In the next step, exchange VSt transmits the service instructions received from application server AS to a media server MS, which transmits the required voice messages (or audio files) to subscriber Tn or conducts dialogues with subscriber Tn. The response from subscriber Tn is transmitted back to application server AS where it is processed in accordance with the service definition. If control by subscriber Tn is carried out by means of the DTMF interface, then these signals are transmitted directly to the application server AS. However, if the control is to work with speech recognition, the language must additionally be converted to signals, which can be transmitted via the existing interface. Because of the more favorable conditions for a high recognition probability, this conversion is preferably already carried out decentrally in media server MS.
If necessary, further instructions are then sent to media server MS or responses are received from subscriber Tn and evaluated until the end of the dialogue. When the services are updated or a new service is added, both the service definitions in the application server AS and the data describing the appropriate announcements and dialogues are replaced in all media servers MS and in the associated databases (not shown) by means of a loading process.
An exemplary embodiment of the method according to the present invention is shown in FIG. 2. In this example, two subscribers TnA and TnB from two different regions A and B with regard to the national language request a voice-operated service.
The respective signaling data is forwarded from exchange VSt to a global service controller DSt (corresponding to the application server from FIG. 1).

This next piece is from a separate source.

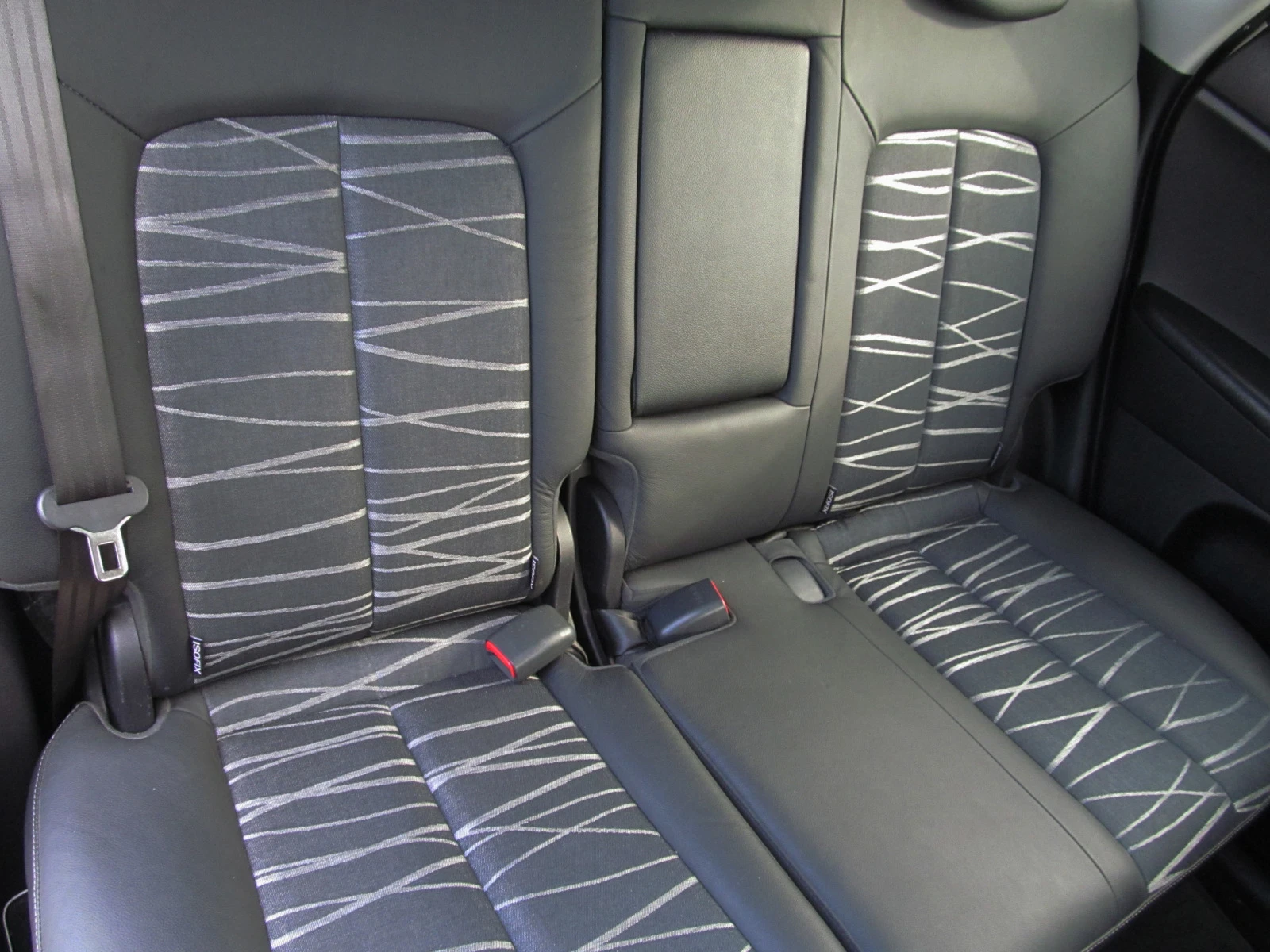 Kia Venga 1.4CRDI/ACTIVEPRO | Mobile.bg   11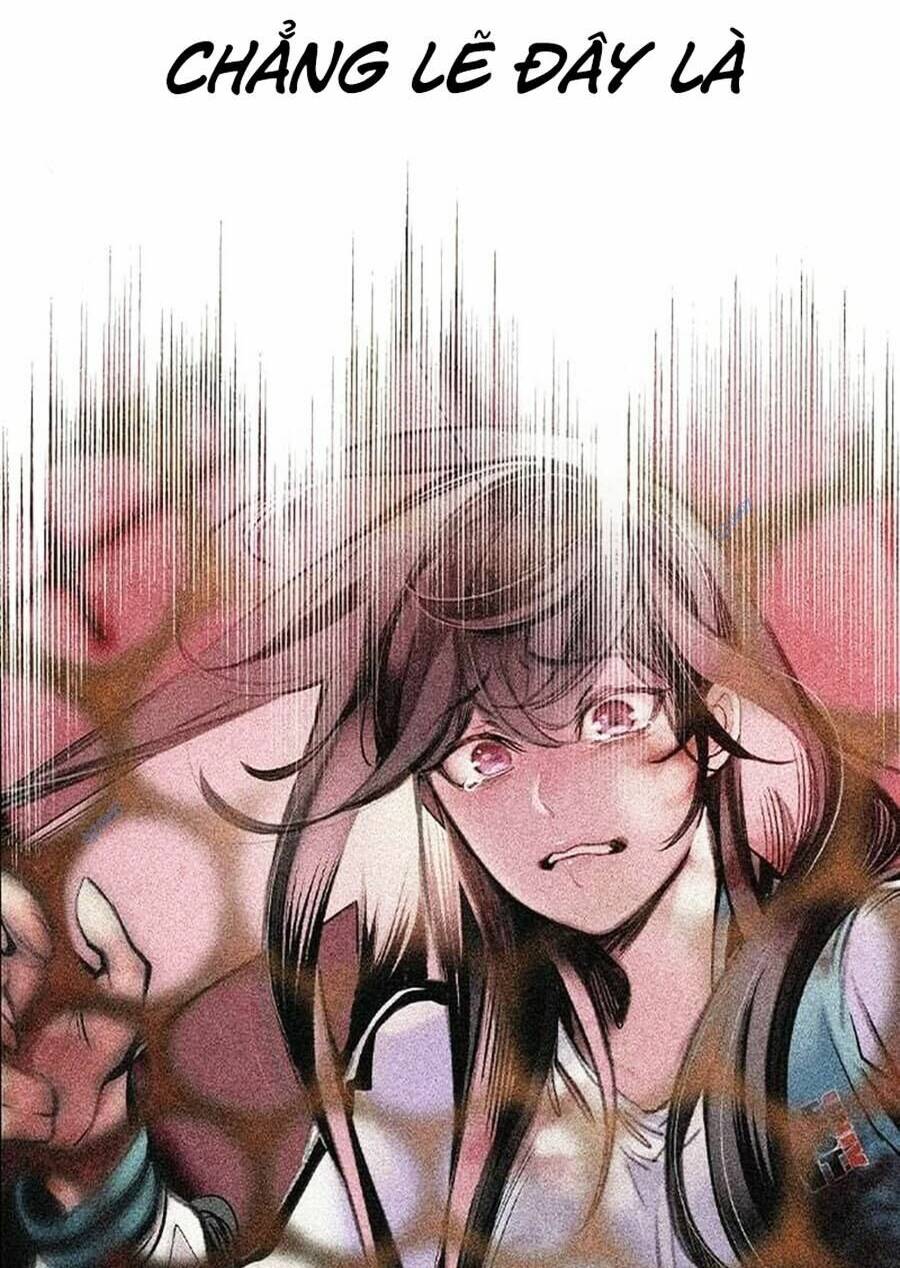 Nhân Trùng Đại Chiến Chapter 113 - Trang 2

The global service controller DSt now determines the desired language for the required service. This is usually carried out with the help of an initial dialogue, which provides the subscribers TnA and TnB with a choice of all languages offered. The subscribers can now select the desired language, for example, by means of DTMF control or voice control. At the same time, a further aspect of the invention is the possibility of using the information relating to the subscribers TnA and TnB held by the exchange to help in determining the desired language. In this way, the language selection may be dispensed with or reduced to a request for confirmation. As exchange VSt has information as to where the subscribers TnA and TnB are located (possibly by means of country code or local area code of subscribers TnA and TnB or the entries in the HLR), this information can already reduce the choice of language. A language, which is frequently spoken in the particular subscriber's region, is then placed at the top of the selection list, for example. Another possibility is to set the appropriate language directly as the default language and, if necessary, simply incorporate an additional menu item for changing the language in the dialogue.
When the language desired by the subscribers TnA and TnB has been selected and confirmed, the global service controller DSt forwards the appropriate service instructions to the appropriate regional media servers MSA and MSB respectively in the global language. The media servers MSA and MSB contain transformation rules for converting global instructions to their respective regional formats. After translating the instructions into the regional format, the media servers MSA and MSB determine the versions of the speech dialogues, which are matched to their specific region, and transmit these to the subscribers TnA and TnB. These voice messages are stored as audio files or text files either on the media servers MSA and MSB themselves or in associated databases (not shown), which the media servers MSA and MSB can access as required.
The subsequent dialogue continues between subscribers TnA and TnB, the global service controller DSt and the appropriate media servers MSA and MSB respectively in accordance with the method described above. Service controller DSt outputs service instructions in the global language to the appropriate media servers MSA and MSB respectively, which convert the instructions into the regional format in accordance with the transformation rules, and send the requested voice messages to subscribers TnA and TnB respectively.
If the responses from subscribers TnA and TnB are transmitted by voice, then these are evaluated locally, preferably directly in the respective media servers MSA and MSB. This results in a neutral parameter form or region-specific voice input information (e.g. a sequence of keywords with associated recognition probabilities). This data is then converted into the global format in accordance with the transformation rules and sent to the global service controller DSt.
When a service is updated or newly added, the regional version of the service is produced directly from the global definition and the regional transformation rules. Modified or even new services must therefore only be globally defined once. The regional formats are automatically produced in the regional media servers MSA and MSB respectively by means of the defined transformations.
The voice messages are also produced decentrally. For this purpose, the media servers MSA and MSB can avail themselves of a set of pre-specified audio and text definitions, which are put together in accordance with the transformed global rules. A loading process is therefore only necessary when completely new audio files have to be added.
According to the method, this loading process, which requires a separate loading interface, can also be bypassed if only the delta definition of the services is transmitted between application server and media server as part of the service signaling while fully utilizing the signaling interfaces and the characteristics of the control protocol for example. This has additional advantages with regard to aspects of security (firewalls) and maintenance. In this case, therefore, it is not necessary for the network operator's operating and maintenance personnel to carry out a separate operation in order to adapt the services to suit the requirements of customers.
Compared with voice recordings using professional speakers, text files allow announcements to be updated even more quickly. They can be included in the method according to the invention if they are converted to the regionally desired languages by means of automatic translation, and if it is possible to connect a suitable regional language TTS (“text-to-speech”) functional device downstream.

Claims

1.-10. (canceled)

11. A method for providing speech-based services in a multinational telecommunication system, comprising:

globally defining each service in a reference language; and

automatically producing a regional definition of the service for each region from the global definition.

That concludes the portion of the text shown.